Collection of multi-gpu, distributed memory algorithms.
Currently, there is no conda or pip packages for rapidsmpf thus we have to build from source.
Clone rapidsmpf and install the dependencies in a conda environment:
git clone https://github.com/rapidsai/rapidsmpf.git
cd rapidsmpf
# Choose a environment file that match your system.
mamba env create --name rapidsmpf-dev --file conda/environments/all_cuda-129_arch-x86_64.yaml
# Build
./build.sh
Run the test suite using MPI:
# When using OpenMP, we need to enable CUDA support.
export OMPI_MCA_opal_cuda_support=1
# Run the suite using two MPI processes.
mpirun -np 2 cpp/build/gtests/mpi_tests
# Alternatively
cd cpp/build && ctest -R mpi_tests_2
We can also run the shuffle benchmark.
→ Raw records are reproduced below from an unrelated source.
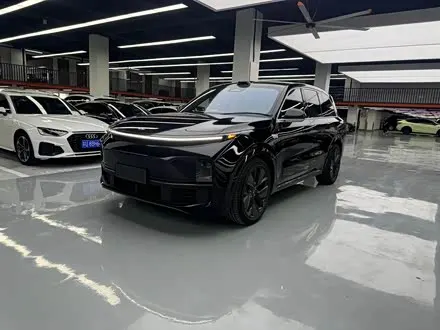 LI AUTO L8 — из Китая под ключ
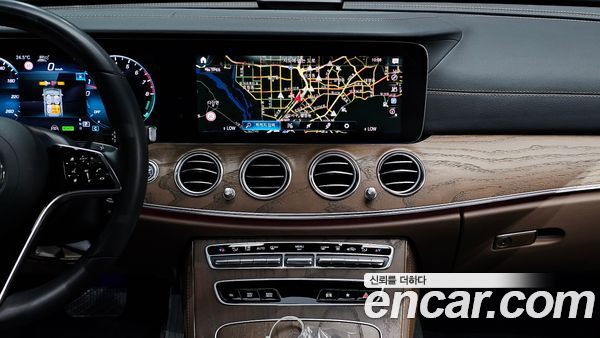 Mercedes-Benz E-Class 2021, фото 20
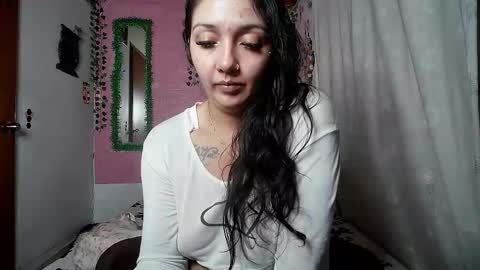 Snapshot of callme_lolas chatting on 8, 1, 2026 paula online show from 8, 1, 2026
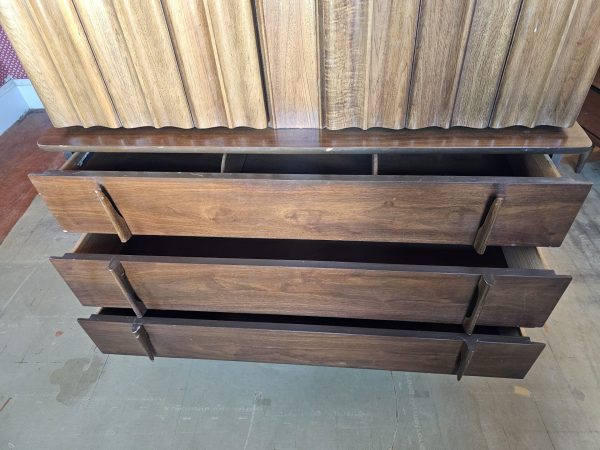 Mid Century Modern High boy by United Furniture - Image 6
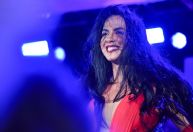 Ex-bailarina, Graciele Lacerda dança em show de Zezé Di Camargo; veja fotos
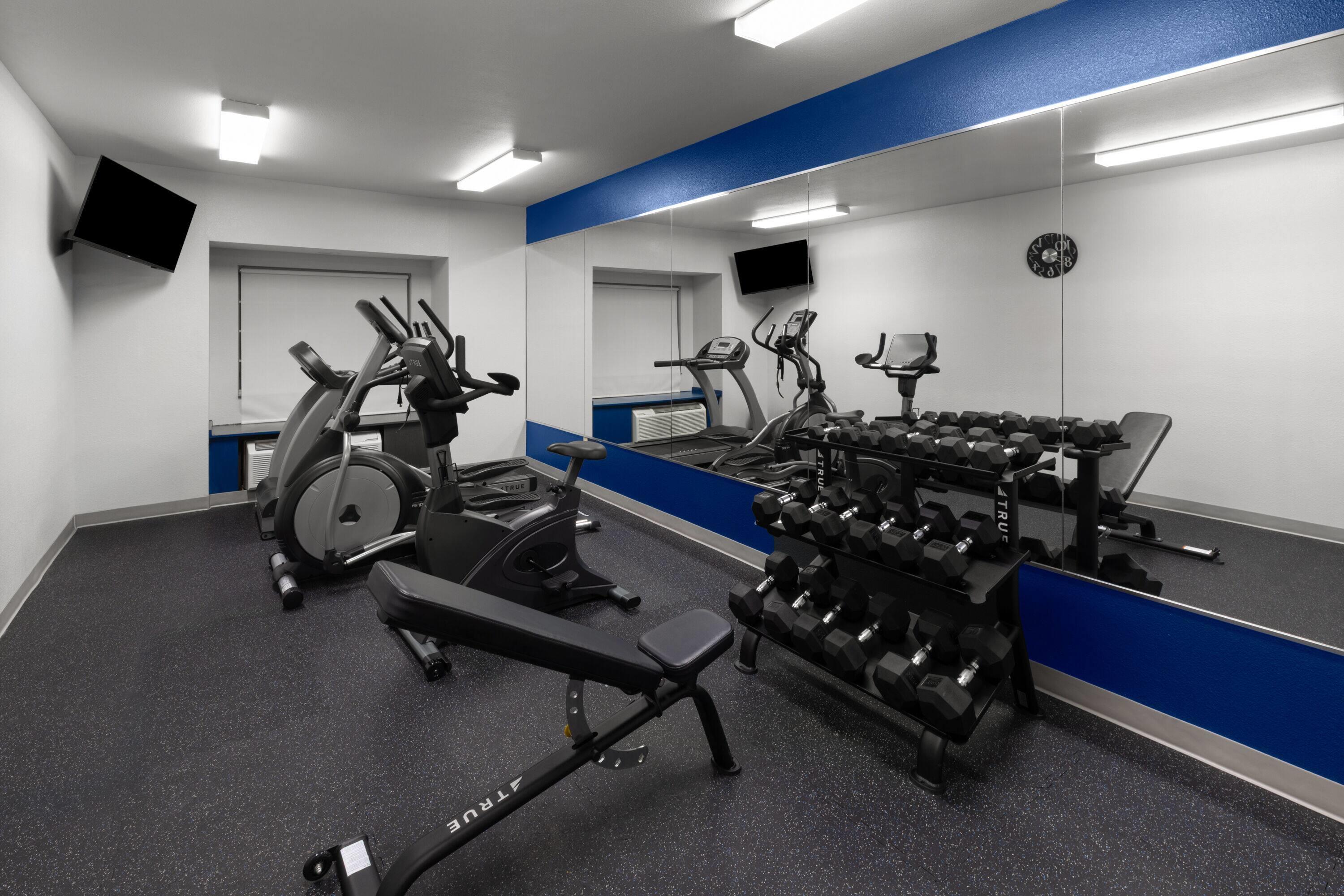 Health club fitness center gym | Microtel Inn & Suites by Wyndham Baton Rouge Airport
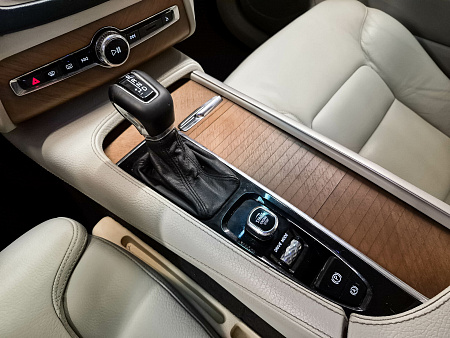 Volvo XC90 2.0d AT (235 л.с.) 4WD, 2017 Volvo XC90 2.0d AT (235 л.с.) 4WD, 2017 — купить в Нижнем Новгороде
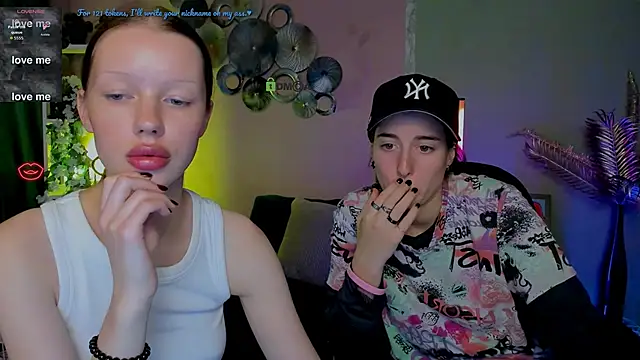 khloebeauty online show from October 7, 7:40 pm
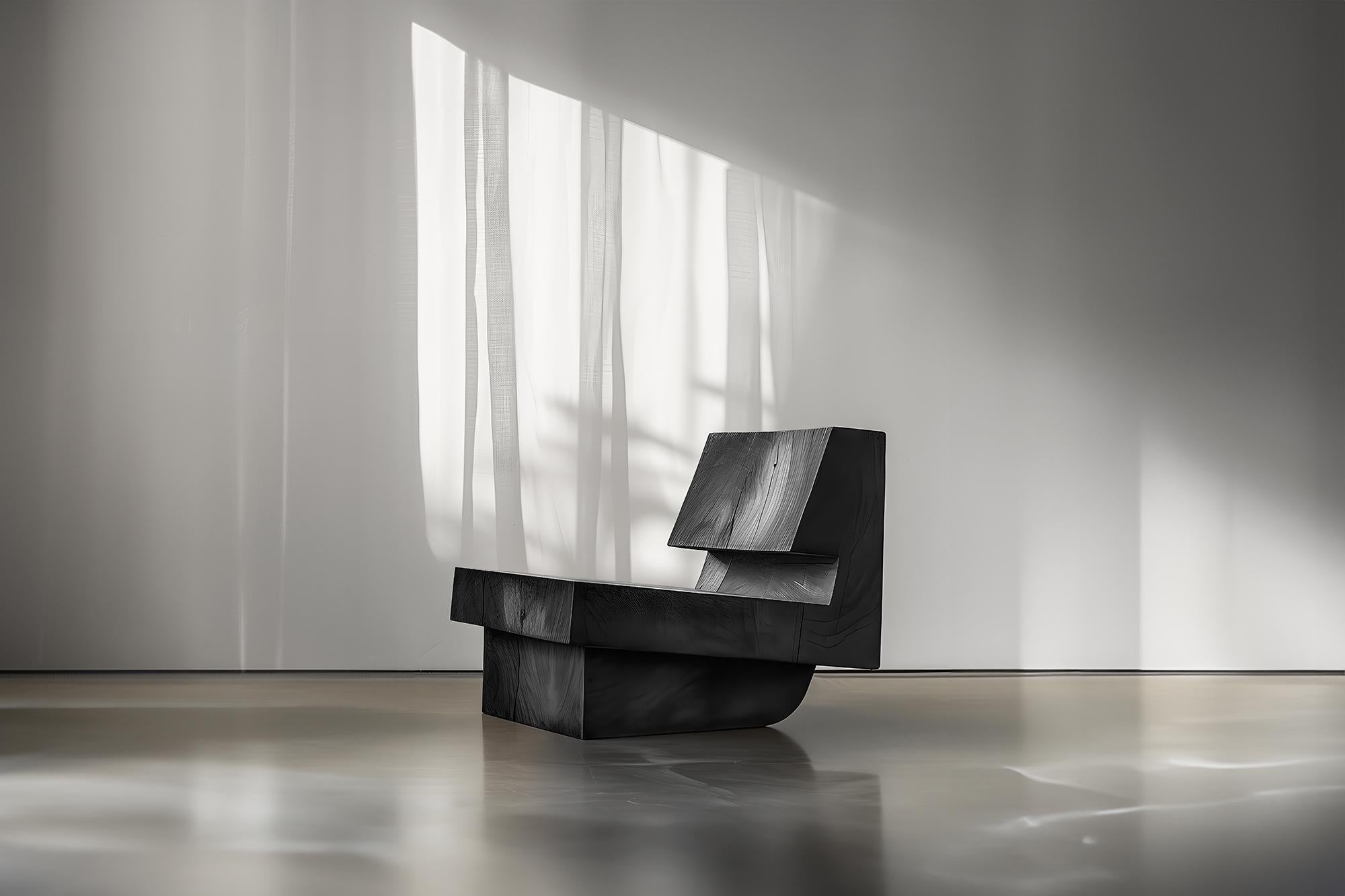 Muted by NONO No12 Chaise en bois robuste Flair moderniste
-


Plongez dans le monde de l'élégance discrète et des prouesses architecturales avec la Collection Muted Lounge Chairs de NONO. Cette série, méticuleusement conçue par Joel Escalona, marie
To assign each MPI rank its own GPU, we use a binder script:
# The binder script requires numactl `mamba install numactl`
wget https://raw.githubusercontent.com/LStuber/binding/refs/heads/master/binder.sh
chmod a+x binder.sh
mpirun -np 2 ./binder.sh cpp/build/benchmarks/bench_shuffle
The UCX test suite uses, for convenience, MPI to bootstrap, therefore we need to launch UCX tests with mpirun
. Run the test suite using UCX:
# Run the suite using two processes.
mpirun -np 2 cpp/build/gtests/ucxx_tests
Example of a MPI program that uses the shuffler:
#include <vector>
#include <mpi.h>
#include <unistd.h>
#include <rapidsmpf/buffer/packed_data.hpp>
#include <rapidsmpf/communicator/mpi.hpp>
#include <rapidsmpf/error.hpp>
#include <rapidsmpf/shuffler/partition.hpp>
#include <rapidsmpf/shuffler/shuffler.hpp>
#include "../benchmarks/utils/random_data.hpp"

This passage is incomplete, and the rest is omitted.